WORK REQUEST >> In the listing below, how many lines contain the string "background"? Reply with the number alone.

INFORMATION GIVEN >>
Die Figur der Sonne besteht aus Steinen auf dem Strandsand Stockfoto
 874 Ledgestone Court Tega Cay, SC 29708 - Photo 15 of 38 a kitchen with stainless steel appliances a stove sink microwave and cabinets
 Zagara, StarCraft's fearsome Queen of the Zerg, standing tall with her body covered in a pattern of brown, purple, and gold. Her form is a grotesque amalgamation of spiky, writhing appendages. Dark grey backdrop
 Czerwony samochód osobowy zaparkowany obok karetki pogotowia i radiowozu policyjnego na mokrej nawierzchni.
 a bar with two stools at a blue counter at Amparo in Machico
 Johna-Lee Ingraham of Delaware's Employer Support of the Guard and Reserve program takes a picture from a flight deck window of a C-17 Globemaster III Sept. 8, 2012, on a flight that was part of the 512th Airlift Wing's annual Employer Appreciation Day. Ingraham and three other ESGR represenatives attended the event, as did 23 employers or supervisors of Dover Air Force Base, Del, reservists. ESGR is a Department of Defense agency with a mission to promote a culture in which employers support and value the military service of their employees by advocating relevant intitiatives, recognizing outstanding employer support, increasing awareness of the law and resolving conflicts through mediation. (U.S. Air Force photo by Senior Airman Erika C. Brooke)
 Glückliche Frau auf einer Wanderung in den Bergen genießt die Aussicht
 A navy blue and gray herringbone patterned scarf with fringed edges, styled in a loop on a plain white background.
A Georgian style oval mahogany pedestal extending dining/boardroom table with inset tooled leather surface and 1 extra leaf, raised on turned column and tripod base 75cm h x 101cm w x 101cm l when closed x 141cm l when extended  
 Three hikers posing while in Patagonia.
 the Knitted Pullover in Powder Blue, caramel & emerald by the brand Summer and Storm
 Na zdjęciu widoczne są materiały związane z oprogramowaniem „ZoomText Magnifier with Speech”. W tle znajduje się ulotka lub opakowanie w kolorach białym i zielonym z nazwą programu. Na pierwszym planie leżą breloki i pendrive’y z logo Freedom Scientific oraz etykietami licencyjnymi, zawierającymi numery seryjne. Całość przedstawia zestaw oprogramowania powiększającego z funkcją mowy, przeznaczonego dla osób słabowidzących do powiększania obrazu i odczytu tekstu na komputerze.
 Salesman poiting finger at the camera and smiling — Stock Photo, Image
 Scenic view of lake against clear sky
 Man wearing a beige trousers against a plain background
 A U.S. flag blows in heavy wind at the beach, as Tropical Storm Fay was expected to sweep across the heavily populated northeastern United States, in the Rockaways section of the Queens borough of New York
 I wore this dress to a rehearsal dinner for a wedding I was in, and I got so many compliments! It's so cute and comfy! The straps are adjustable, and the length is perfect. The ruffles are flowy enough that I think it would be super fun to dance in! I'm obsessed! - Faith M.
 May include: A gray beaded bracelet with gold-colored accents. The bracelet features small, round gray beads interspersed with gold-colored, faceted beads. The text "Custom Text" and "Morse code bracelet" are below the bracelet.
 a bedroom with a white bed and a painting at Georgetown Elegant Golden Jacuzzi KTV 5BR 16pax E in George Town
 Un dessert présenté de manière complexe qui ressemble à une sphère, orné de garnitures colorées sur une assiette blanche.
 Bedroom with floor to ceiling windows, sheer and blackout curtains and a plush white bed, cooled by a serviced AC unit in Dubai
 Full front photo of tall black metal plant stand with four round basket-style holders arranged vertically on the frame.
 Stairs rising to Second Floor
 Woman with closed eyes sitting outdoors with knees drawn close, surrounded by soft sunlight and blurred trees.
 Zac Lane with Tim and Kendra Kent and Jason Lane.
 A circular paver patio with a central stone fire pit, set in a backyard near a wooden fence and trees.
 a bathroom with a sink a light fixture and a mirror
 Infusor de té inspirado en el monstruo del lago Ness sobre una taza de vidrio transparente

RESPONSE BOX >> 2